We drove through a thick fog to Aunt C. and Uncle P.’s apartment building where we transferred to their car.  They live next to a lake – Sempachersee.  Though we couldn’t see it through the fog.  We headed back through Luzern and kept driving south.  And driving.  And driving.  Since I had no idea where we were going, I didn’t know how long it was going to take.  We were in the car for a couple of hours before we stopped for some pictures.  And what a stop!  It was the end of the morning and look at how calm the water was.

Look at that gorgeous reflection!

We found out we were heading southwest to the town of Gstaad.  I had never been to Gstaad!  This was a new adventure for both Sweetie and me.  Gstaad is in the canton of Berne (the city of Berne is the capital of Switzerland).  Quite a lovely little town.  Of course, I think I am understating it a bit since I have read that “Gstaad is known for its extremely luxurious hotels and shopping, high-society nightlife, fine dining, excellent service, and international stars. It is also one of the largest ski areas in the Alps.”   Pretty nice, huh?

We ate lunch at a restaurant at a hotel in Gstaad that had been recommended to my aunt and uncle.  I can’t remember the name but that is probably ok since I wouldn’t recommend it.  The food was ok, and the service was less than stellar.  Of course, my family was completely appalled by the service.  My uncle didn’t get his salad.  The waiter and waitresses never paid attention to us.  A couple of other things happened.  And then, when they left the bill, they put it down in the middle of the table instead of handing it to my uncle.  Both aunts were ready to take up arms.  Keep in mind, my mom and aunts had been raised while working with my grandparents in their hotel and restaurant.  That was the family business.  Customer service was the work they had been apprenticed to rather than going to a university in Switzerland.  They had all spent time waiting lots of tables (except maybe Aunt C. who was excused from waitressing due to extreme klutziness).  Being “in the biz,” they have pretty high standards for service.  But even I could tell our service was sub-par.  So much for high-class expensive ritzy towns.    We shook if off and walked up and down the boulevard:

 

And that was about it.  We got back in the car and headed west, then north. 
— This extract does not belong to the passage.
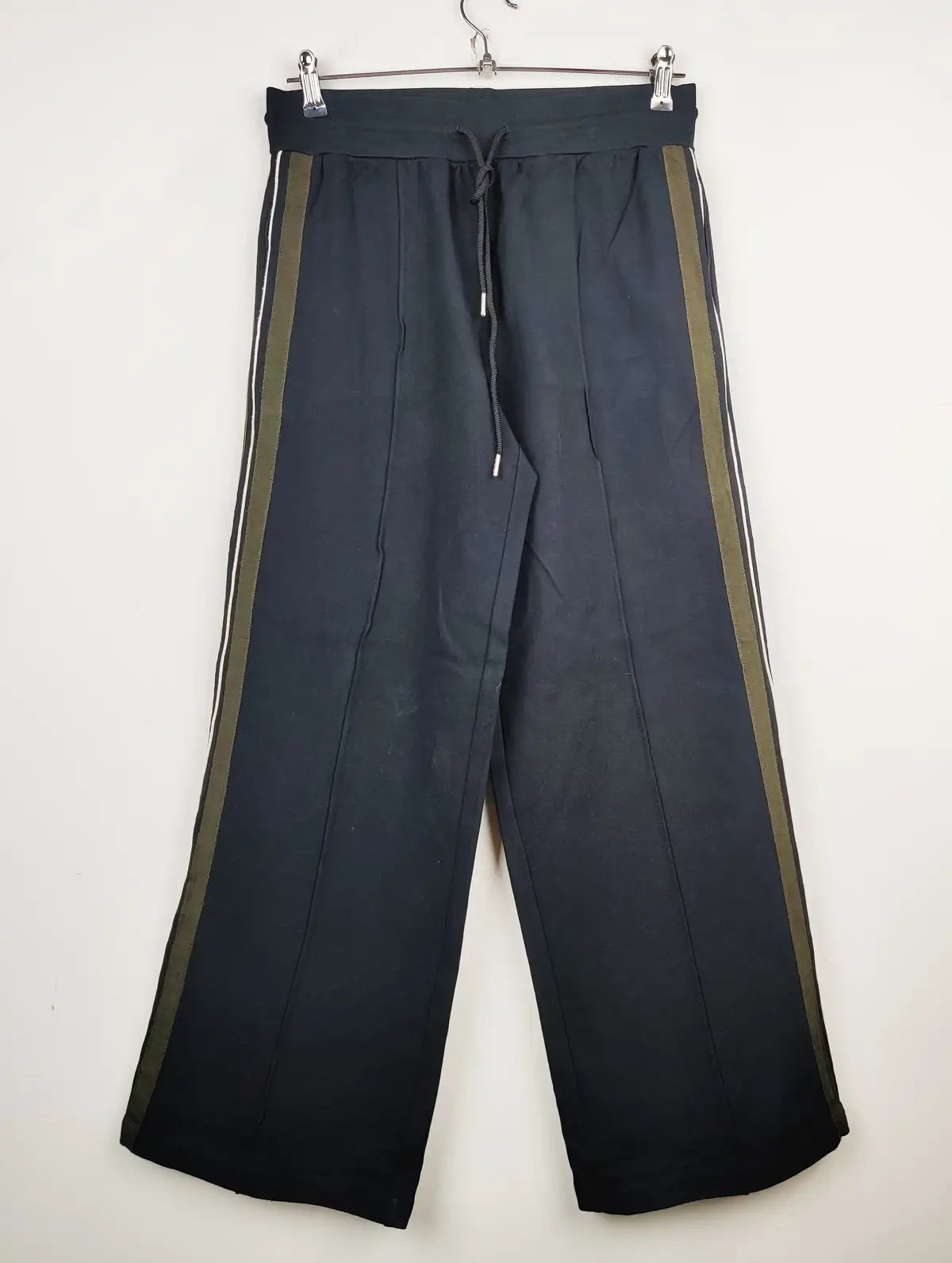 Buy online pre-used pre-loved 100% authentic & Original branded Marks & Spencer (TT-1185) available in Pakistan. Top international brands avilable.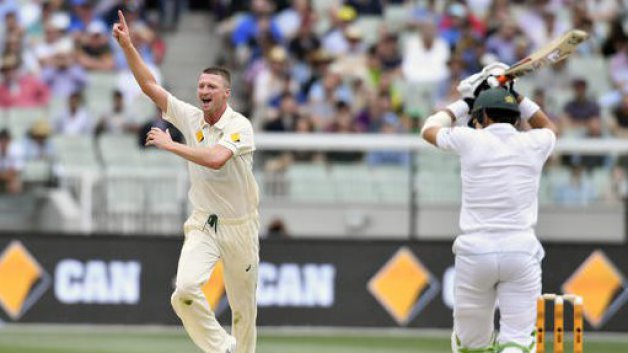 AUS V PAK: Bird stars as Australia take the honours on rain-marred Day 1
Uncle P. told us we were going to Gruyere.  Yes, Gruyere like the cheese.  Did you know there is an actual place/town called Gruyere??  I don’t think I could have told you that.  But there it was!  Tiny little village.  There is a huge parking lot at the bottom of the hill.  Most people can’t drive around the tiny little village.  We parked our car beside the fields of cows and walked up the path to the village.

Here is some information on the village.  For more, check out:

 http://www.la-gruyere.ch/en/welcome.cfm

 

We walked into town and promptly stopped at a hotel to have some drinks (remember what I said about the Swiss and food).  There were many restaurants serving raclette with Gruyere cheese.  We could smell the cheese as we walked by the shops.  Heavenly!  Cheese everywhere.

 

OK, here is something else I did not know.  Did you know there is an H.R. Giger museum in Gruyere?  He’s the guy who won an Oscar for his design/art/visual effects for Alien.  You can see more about it here:  http://www.la-gruyere.ch/en/navpage-ExcursionsFR-MuseumsFR-120106.html.  We didn’t have time to go through the museum or sit in the bar.  But Sweetie and I did run into the bar to take a couple of pictures.  I’m sure they must be used to people doing that.

Finally, we ran up to the castle to snap a couple of pictures and then hightailed it back down the village and down the hill to the car. 

Aunt C. had planned to prepare dinner for us and we needed to get back to the apartment.  All told, we were probably in the car for about six hours and out of the car about an hour and a half.  The scenery, of course, was gorgeous all along the way.

We shared dinner together and the happiest moments of my day were spending a couple of hours with my cousin who I had not seen since 1989.  It’s been a long time and he was living in Mongolia last time I visited the family.  He was back in Switzerland to work and save up money so he could go back and live a few more years in Mongolia.  He now speaks fluent English since he teaches it in Mongolia.   Some members of the family consider him an odd duck – what with living a simple life and preferring Mongolia to Switzerland.  He was always a nature-lover as a kid, which made us quite compatible running around my grandmother’s house: 

What’s that!  Ants devouring a bee on the sidewalk?  Neato!  Let’s watch it together!  I’ll take pictures!  (I still have that picture somewhere)

All the things the rest of the family may not approve of are just things that somewhat endear him to me – his lack of drive to make a lot of money, his love of the simple life in Mongolia, his disinterest in visiting America, his reluctance to join the military (which doesn’t matter – it’s compulsory in Switzerland and hard to get out of).  He’s a bit of an old soul in a young body, I think.  We talked about Mongolia and Maui and Sweetie’s work and my work and the Dalai Lama.  We only had a short amount of time to catch up with each other, but I was very happy for the time we had.  Who knows when I may see him again.

And that was the end of a very long day.